=== Begin Enclosure ===

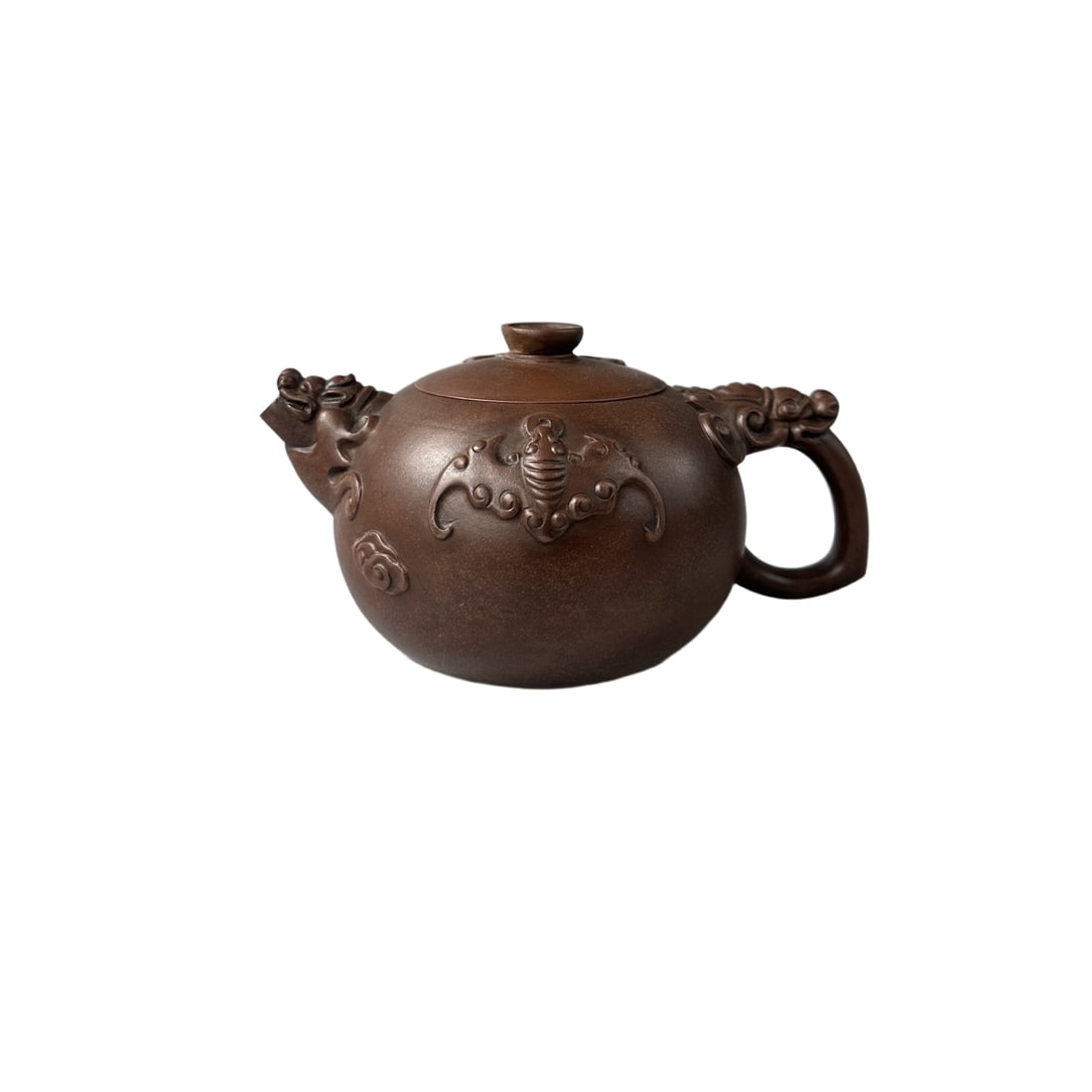 Fortune is right in front of you, purple clay teapot.: Tea Set: Fortune is in Front of You Base: As shown in the picture Material: Purple Clay Capacity: 450cc Spout: Mesh hole Size: 16/8cm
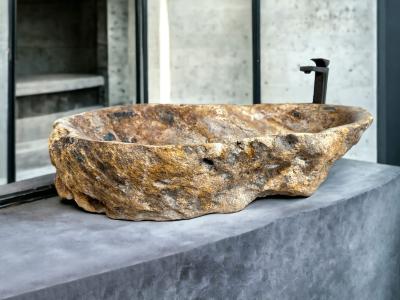 LAVABO GRANDE DE PIEDRA BEIGE POMPEYA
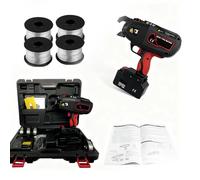 Efficient Rebar Binding Machine Cordless Automatic Tier with 0.8s Operation Speed & 4 Wire Spools Rebar Strapping Tool with Dual Battery for Heavy-Duty Construction Site Work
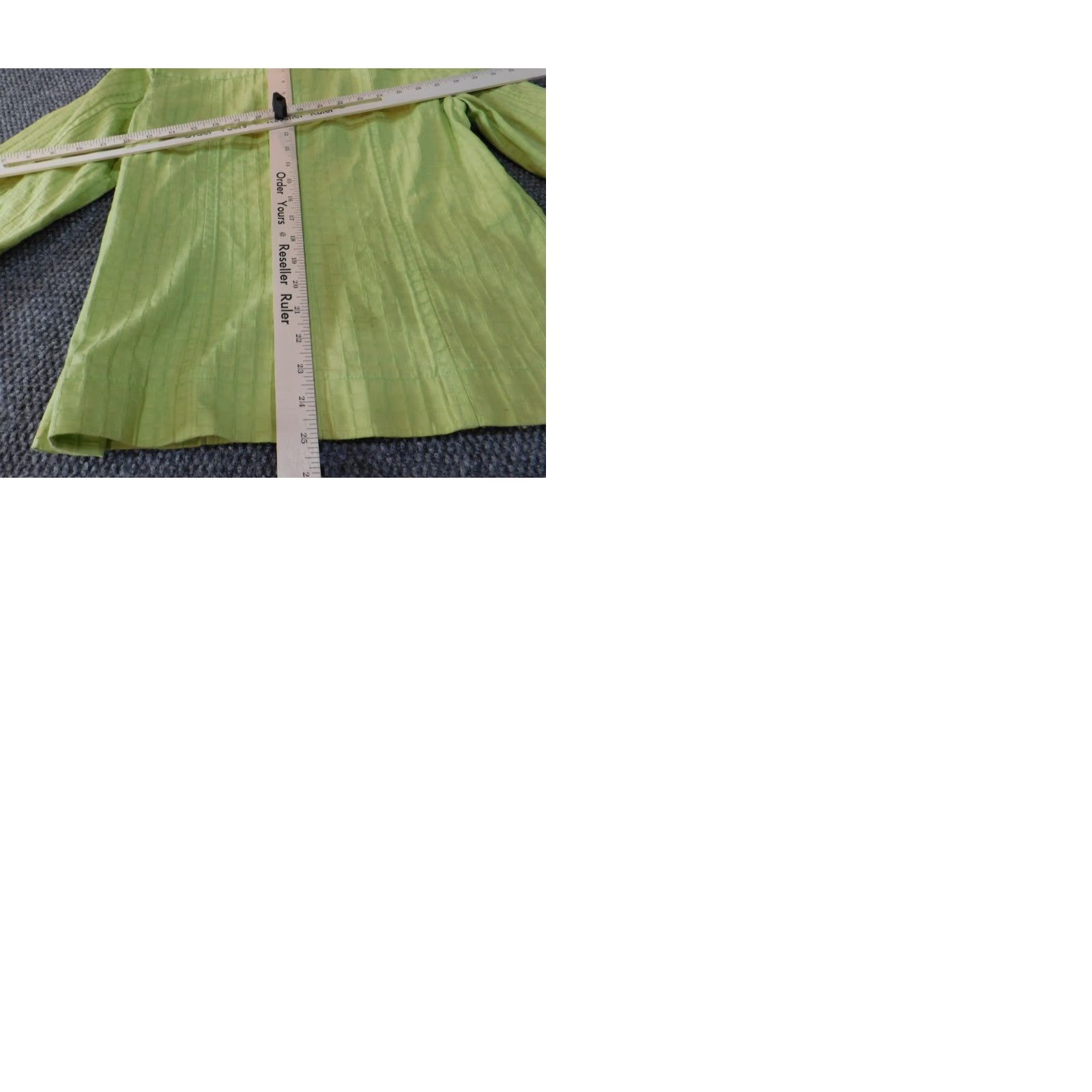 Coldwater Creek Coldwater Creek Jacket Women 10 Green Long Sleeve Button Snap Collared Cotton Casual Modern Basics Size L / US 10 / IT 46 - 10 Thumbnail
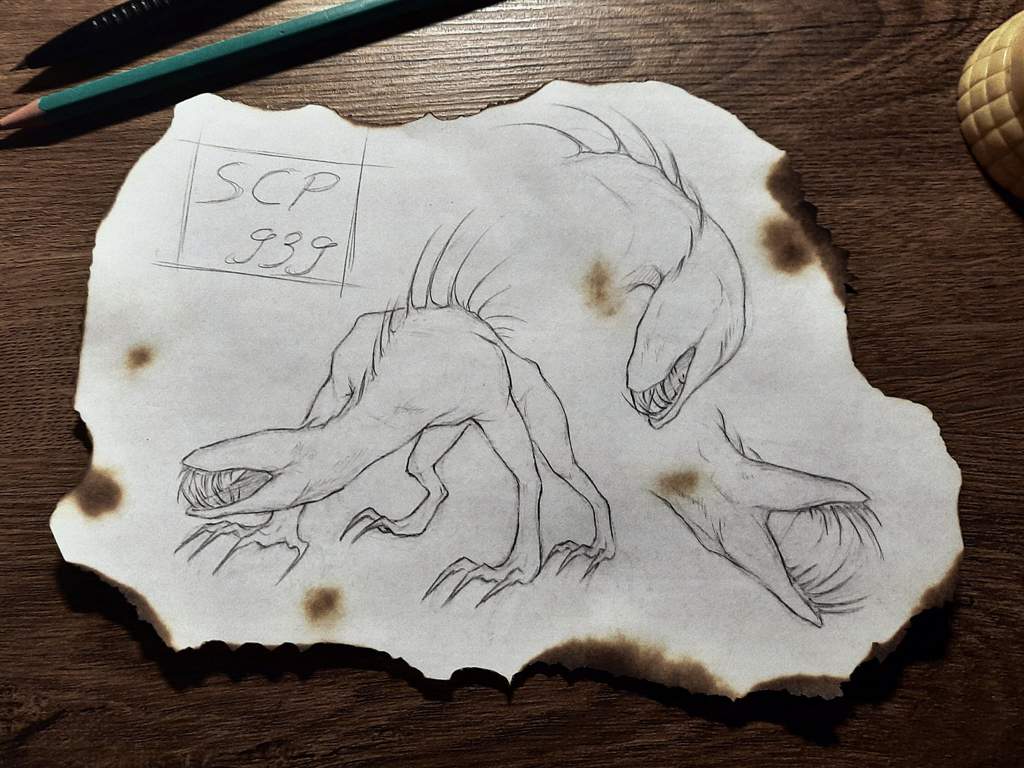 SCP 939 sketches | SCP Foundation Amino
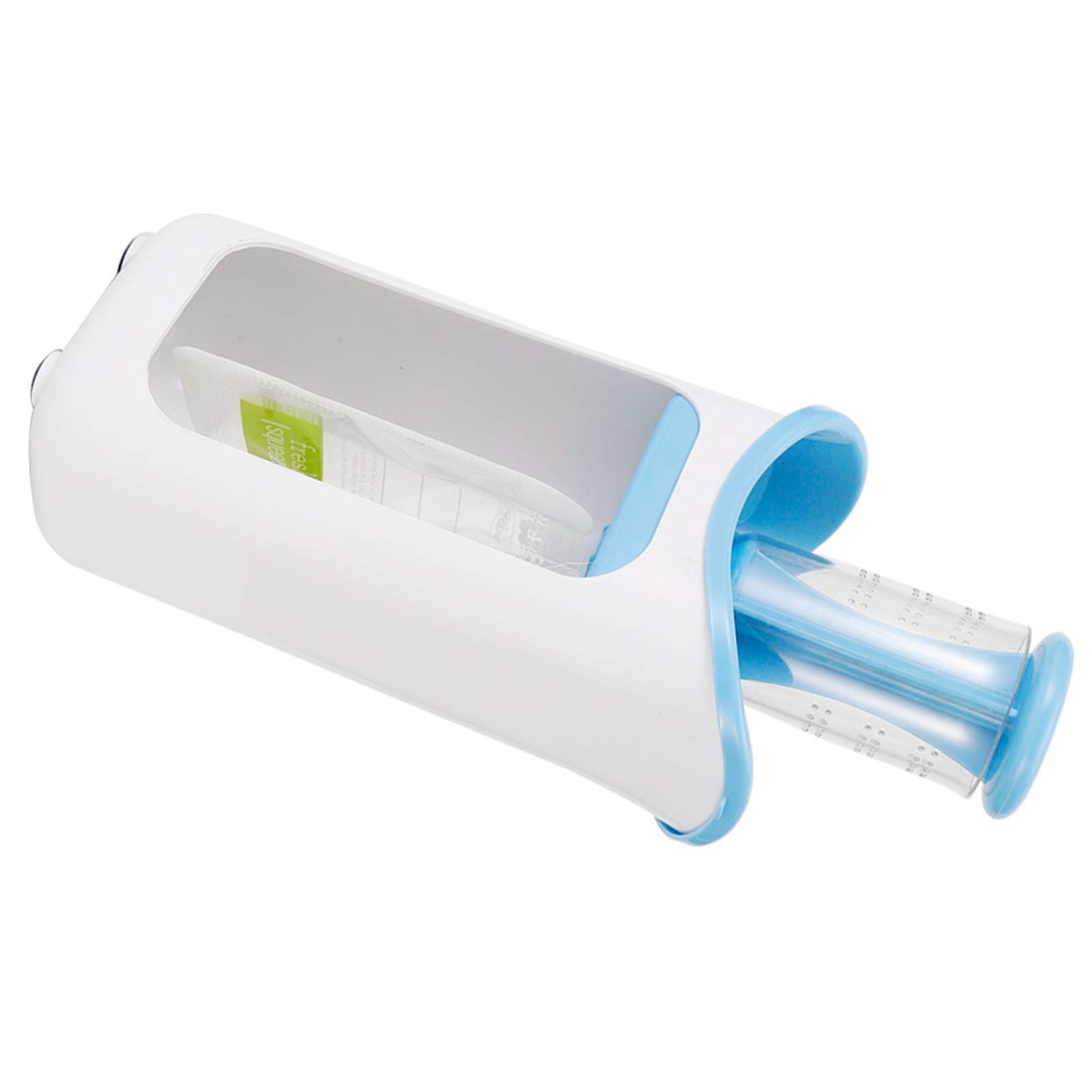 BORDSTRACT Squeeze Station Station De Remplissage De Sachets Avec 10 Sachets Alimentaires Bleu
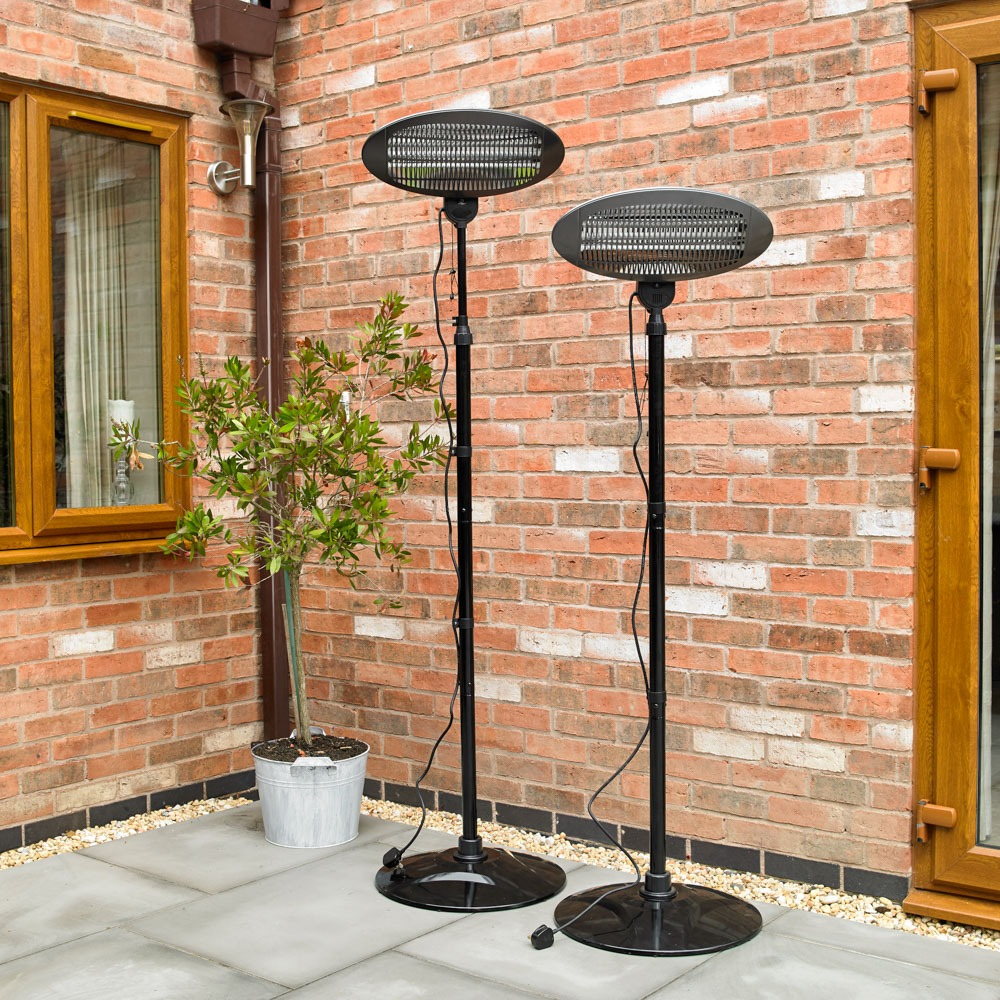 Garden Patio New 2kw Quartz Free Standing Outdoor Electric throughout proportions 1000 X 1000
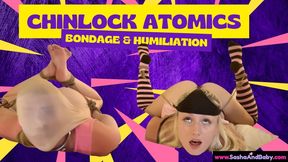Chinlock Atomic Wedgies in Hotel with Bondage and Humiliation - Sock and Foot Fetish - Girl Girl Taboo Kink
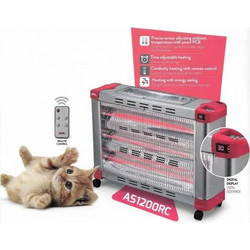 Akel AS1210RC Smart Heater Red Σόμπα Αλογόνου 2900W με Θερμοστάτη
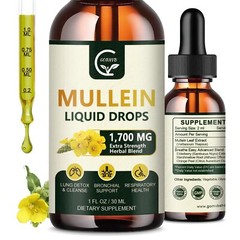 GORNVB 2 Pack Mullein Drops for Lungs – Lungs Cleanse and Respiratory Support…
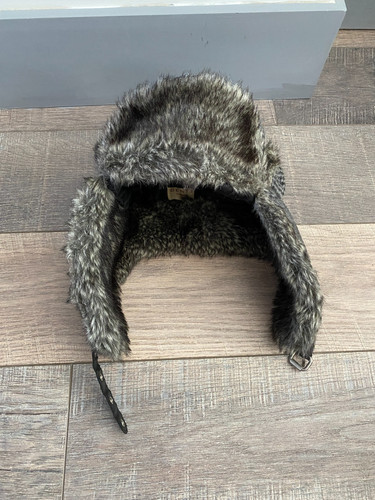 Dents grey checked trapper hat - dents,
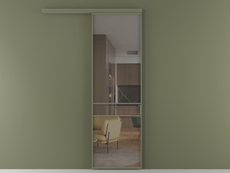 Перегородка Formato вдоль стены одностворчатая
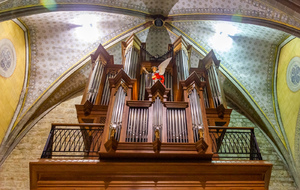 Laroque d'Olmes: Orgue de l'église du Saint Sacrement (ou du Castella)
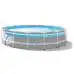 Intex 26722, каркасний басейн 427 x 107 см Prism Frame ClearView Pool з панорамним вікном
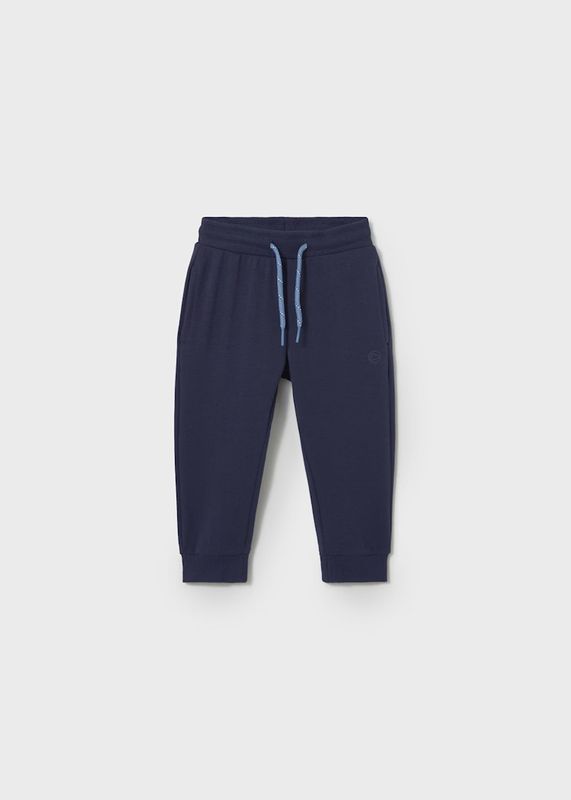 Mayoral 711/Basic Cuffed Fleece Pant/Marino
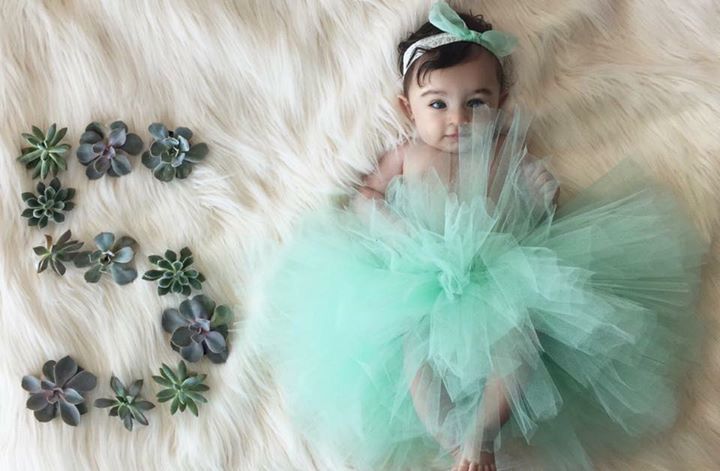 1 to 12 month baby photo ideas girl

=== End Enclosure ===

Exercise
With pictures omitted, restate word for word every line above from the one containing "Dents grey checked" to the end of the entries.

Result of this exercise
 Dents grey checked trapper hat - dents,
 Перегородка Formato вдоль стены одностворчатая
 Laroque d'Olmes: Orgue de l'église du Saint Sacrement (ou du Castella)
 Intex 26722, каркасний басейн 427 x 107 см Prism Frame ClearView Pool з панорамним вікном
 Mayoral 711/Basic Cuffed Fleece Pant/Marino
 1 to 12 month baby photo ideas girl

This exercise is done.